──────── INFORMATION GIVEN ────────

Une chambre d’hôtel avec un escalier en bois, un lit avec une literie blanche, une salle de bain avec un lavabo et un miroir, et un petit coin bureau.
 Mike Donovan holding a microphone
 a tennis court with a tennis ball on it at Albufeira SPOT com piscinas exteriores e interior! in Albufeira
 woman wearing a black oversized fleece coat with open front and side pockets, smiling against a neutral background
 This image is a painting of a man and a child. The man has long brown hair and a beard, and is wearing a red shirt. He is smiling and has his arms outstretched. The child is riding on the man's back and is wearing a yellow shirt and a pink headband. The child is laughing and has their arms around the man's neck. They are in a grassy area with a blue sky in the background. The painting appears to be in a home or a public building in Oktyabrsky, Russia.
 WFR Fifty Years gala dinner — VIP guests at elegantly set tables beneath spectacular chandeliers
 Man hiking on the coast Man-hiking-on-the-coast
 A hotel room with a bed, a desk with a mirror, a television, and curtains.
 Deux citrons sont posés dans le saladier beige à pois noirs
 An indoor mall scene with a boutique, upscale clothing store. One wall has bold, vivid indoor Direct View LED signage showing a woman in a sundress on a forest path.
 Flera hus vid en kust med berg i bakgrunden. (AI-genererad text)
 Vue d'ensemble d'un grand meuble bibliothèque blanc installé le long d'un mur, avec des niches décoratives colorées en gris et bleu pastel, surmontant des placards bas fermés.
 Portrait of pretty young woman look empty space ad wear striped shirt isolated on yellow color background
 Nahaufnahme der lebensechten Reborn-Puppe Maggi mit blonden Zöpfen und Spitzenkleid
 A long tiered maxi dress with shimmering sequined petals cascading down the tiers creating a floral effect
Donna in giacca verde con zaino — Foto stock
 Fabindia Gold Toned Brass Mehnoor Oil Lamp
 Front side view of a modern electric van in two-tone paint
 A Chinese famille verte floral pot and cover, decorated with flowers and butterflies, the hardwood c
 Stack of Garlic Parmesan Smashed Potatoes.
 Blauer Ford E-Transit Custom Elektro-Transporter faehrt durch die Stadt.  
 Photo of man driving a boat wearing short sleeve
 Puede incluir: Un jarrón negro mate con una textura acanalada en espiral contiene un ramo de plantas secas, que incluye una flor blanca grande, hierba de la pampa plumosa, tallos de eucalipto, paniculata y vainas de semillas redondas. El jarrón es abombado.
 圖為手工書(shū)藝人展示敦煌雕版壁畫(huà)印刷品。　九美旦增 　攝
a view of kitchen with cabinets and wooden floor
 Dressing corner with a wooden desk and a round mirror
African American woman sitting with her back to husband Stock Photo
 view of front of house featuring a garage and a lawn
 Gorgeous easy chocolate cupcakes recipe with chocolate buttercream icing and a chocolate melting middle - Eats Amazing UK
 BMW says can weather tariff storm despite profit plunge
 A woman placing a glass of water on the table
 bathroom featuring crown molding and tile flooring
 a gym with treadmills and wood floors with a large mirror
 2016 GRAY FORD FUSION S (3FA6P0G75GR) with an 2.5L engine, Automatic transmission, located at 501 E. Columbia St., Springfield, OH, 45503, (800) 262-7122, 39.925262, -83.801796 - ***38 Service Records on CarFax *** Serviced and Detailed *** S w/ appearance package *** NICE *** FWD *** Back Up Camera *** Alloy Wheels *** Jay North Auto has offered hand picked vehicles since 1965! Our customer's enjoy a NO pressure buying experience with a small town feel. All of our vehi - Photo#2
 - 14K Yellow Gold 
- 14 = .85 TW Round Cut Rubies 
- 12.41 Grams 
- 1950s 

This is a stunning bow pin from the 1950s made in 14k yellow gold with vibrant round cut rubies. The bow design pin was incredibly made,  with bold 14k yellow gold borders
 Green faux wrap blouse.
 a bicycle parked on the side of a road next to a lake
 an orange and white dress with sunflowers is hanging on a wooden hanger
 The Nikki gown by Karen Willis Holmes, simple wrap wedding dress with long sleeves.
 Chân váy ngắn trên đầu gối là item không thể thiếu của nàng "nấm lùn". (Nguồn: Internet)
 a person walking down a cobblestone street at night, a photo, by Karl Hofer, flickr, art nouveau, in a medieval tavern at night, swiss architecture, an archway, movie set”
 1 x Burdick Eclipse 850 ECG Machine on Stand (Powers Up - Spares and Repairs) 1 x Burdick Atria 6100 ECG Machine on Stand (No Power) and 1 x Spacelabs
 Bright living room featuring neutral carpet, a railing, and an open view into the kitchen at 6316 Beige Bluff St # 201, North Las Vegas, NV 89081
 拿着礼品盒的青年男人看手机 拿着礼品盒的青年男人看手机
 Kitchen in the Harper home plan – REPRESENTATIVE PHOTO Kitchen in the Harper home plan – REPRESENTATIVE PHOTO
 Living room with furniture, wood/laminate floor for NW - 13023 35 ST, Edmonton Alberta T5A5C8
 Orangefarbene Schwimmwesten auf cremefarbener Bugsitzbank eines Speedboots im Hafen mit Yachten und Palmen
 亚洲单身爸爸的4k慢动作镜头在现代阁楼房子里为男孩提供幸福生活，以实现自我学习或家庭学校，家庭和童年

────────

> EXERCISE
The entries above should be set down again exactly as they appear.

> REPLY
Une chambre d’hôtel avec un escalier en bois, un lit avec une literie blanche, une salle de bain avec un lavabo et un miroir, et un petit coin bureau.
 Mike Donovan holding a microphone
 a tennis court with a tennis ball on it at Albufeira SPOT com piscinas exteriores e interior! in Albufeira
 woman wearing a black oversized fleece coat with open front and side pockets, smiling against a neutral background
 This image is a painting of a man and a child. The man has long brown hair and a beard, and is wearing a red shirt. He is smiling and has his arms outstretched. The child is riding on the man's back and is wearing a yellow shirt and a pink headband. The child is laughing and has their arms around the man's neck. They are in a grassy area with a blue sky in the background. The painting appears to be in a home or a public building in Oktyabrsky, Russia.
 WFR Fifty Years gala dinner — VIP guests at elegantly set tables beneath spectacular chandeliers
 Man hiking on the coast Man-hiking-on-the-coast
 A hotel room with a bed, a desk with a mirror, a television, and curtains.
 Deux citrons sont posés dans le saladier beige à pois noirs
 An indoor mall scene with a boutique, upscale clothing store. One wall has bold, vivid indoor Direct View LED signage showing a woman in a sundress on a forest path.
 Flera hus vid en kust med berg i bakgrunden. (AI-genererad text)
 Vue d'ensemble d'un grand meuble bibliothèque blanc installé le long d'un mur, avec des niches décoratives colorées en gris et bleu pastel, surmontant des placards bas fermés.
 Portrait of pretty young woman look empty space ad wear striped shirt isolated on yellow color background
 Nahaufnahme der lebensechten Reborn-Puppe Maggi mit blonden Zöpfen und Spitzenkleid
 A long tiered maxi dress with shimmering sequined petals cascading down the tiers creating a floral effect
Donna in giacca verde con zaino — Foto stock
 Fabindia Gold Toned Brass Mehnoor Oil Lamp
 Front side view of a modern electric van in two-tone paint
 A Chinese famille verte floral pot and cover, decorated with flowers and butterflies, the hardwood c
 Stack of Garlic Parmesan Smashed Potatoes.
 Blauer Ford E-Transit Custom Elektro-Transporter faehrt durch die Stadt.  
 Photo of man driving a boat wearing short sleeve
 Puede incluir: Un jarrón negro mate con una textura acanalada en espiral contiene un ramo de plantas secas, que incluye una flor blanca grande, hierba de la pampa plumosa, tallos de eucalipto, paniculata y vainas de semillas redondas. El jarrón es abombado.
 圖為手工書(shū)藝人展示敦煌雕版壁畫(huà)印刷品。　九美旦增 　攝
a view of kitchen with cabinets and wooden floor
 Dressing corner with a wooden desk and a round mirror
African American woman sitting with her back to husband Stock Photo
 view of front of house featuring a garage and a lawn
 Gorgeous easy chocolate cupcakes recipe with chocolate buttercream icing and a chocolate melting middle - Eats Amazing UK
 BMW says can weather tariff storm despite profit plunge
 A woman placing a glass of water on the table
 bathroom featuring crown molding and tile flooring
 a gym with treadmills and wood floors with a large mirror
 2016 GRAY FORD FUSION S (3FA6P0G75GR) with an 2.5L engine, Automatic transmission, located at 501 E. Columbia St., Springfield, OH, 45503, (800) 262-7122, 39.925262, -83.801796 - ***38 Service Records on CarFax *** Serviced and Detailed *** S w/ appearance package *** NICE *** FWD *** Back Up Camera *** Alloy Wheels *** Jay North Auto has offered hand picked vehicles since 1965! Our customer's enjoy a NO pressure buying experience with a small town feel. All of our vehi - Photo#2
 - 14K Yellow Gold 
- 14 = .85 TW Round Cut Rubies 
- 12.41 Grams 
- 1950s 

This is a stunning bow pin from the 1950s made in 14k yellow gold with vibrant round cut rubies. The bow design pin was incredibly made,  with bold 14k yellow gold borders
 Green faux wrap blouse.
 a bicycle parked on the side of a road next to a lake
 an orange and white dress with sunflowers is hanging on a wooden hanger
 The Nikki gown by Karen Willis Holmes, simple wrap wedding dress with long sleeves.
 Chân váy ngắn trên đầu gối là item không thể thiếu của nàng "nấm lùn". (Nguồn: Internet)
 a person walking down a cobblestone street at night, a photo, by Karl Hofer, flickr, art nouveau, in a medieval tavern at night, swiss architecture, an archway, movie set”
 1 x Burdick Eclipse 850 ECG Machine on Stand (Powers Up - Spares and Repairs) 1 x Burdick Atria 6100 ECG Machine on Stand (No Power) and 1 x Spacelabs
 Bright living room featuring neutral carpet, a railing, and an open view into the kitchen at 6316 Beige Bluff St # 201, North Las Vegas, NV 89081
 拿着礼品盒的青年男人看手机 拿着礼品盒的青年男人看手机
 Kitchen in the Harper home plan – REPRESENTATIVE PHOTO Kitchen in the Harper home plan – REPRESENTATIVE PHOTO
 Living room with furniture, wood/laminate floor for NW - 13023 35 ST, Edmonton Alberta T5A5C8
 Orangefarbene Schwimmwesten auf cremefarbener Bugsitzbank eines Speedboots im Hafen mit Yachten und Palmen
 亚洲单身爸爸的4k慢动作镜头在现代阁楼房子里为男孩提供幸福生活，以实现自我学习或家庭学校，家庭和童年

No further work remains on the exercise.